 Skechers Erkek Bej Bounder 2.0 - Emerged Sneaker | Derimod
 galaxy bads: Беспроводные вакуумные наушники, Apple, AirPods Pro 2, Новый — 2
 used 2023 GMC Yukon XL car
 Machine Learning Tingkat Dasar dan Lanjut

__________

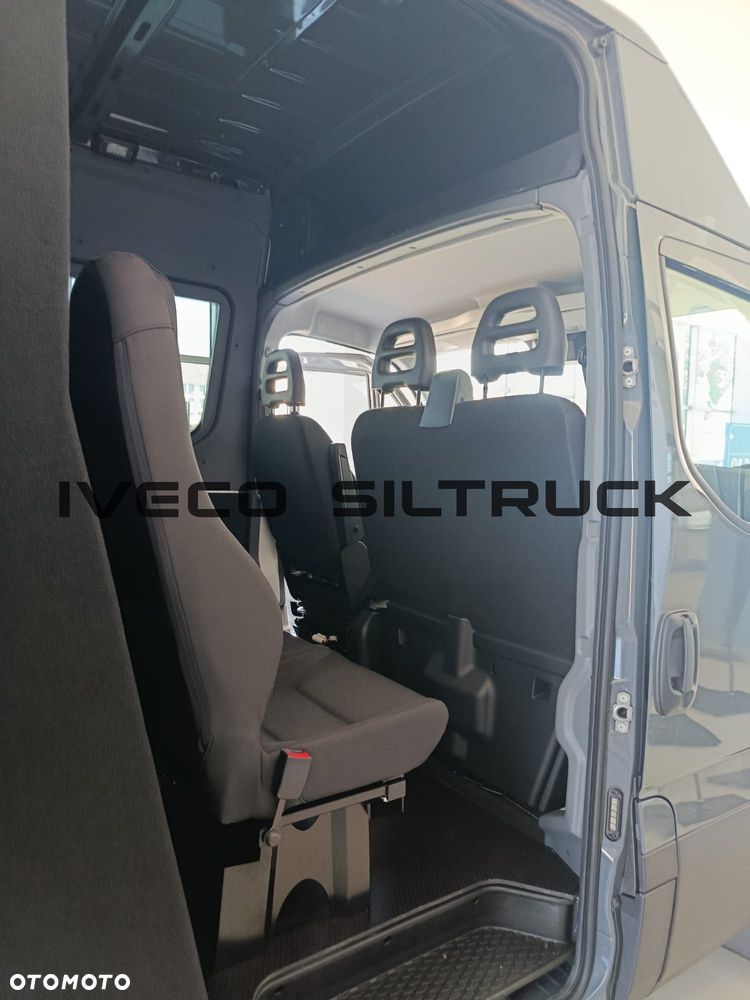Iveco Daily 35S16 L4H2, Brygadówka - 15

__________

Exercise description.
Please transcribe only the lines in the records above running from the line that has "Skechers Erkek Bej" through the line that has "Machine Learning Tingkat Dasar dan Lanjut", both included, exactly as they appear.

Result of this task.
 Skechers Erkek Bej Bounder 2.0 - Emerged Sneaker | Derimod
 galaxy bads: Беспроводные вакуумные наушники, Apple, AirPods Pro 2, Новый — 2
 used 2023 GMC Yukon XL car
 Machine Learning Tingkat Dasar dan Lanjut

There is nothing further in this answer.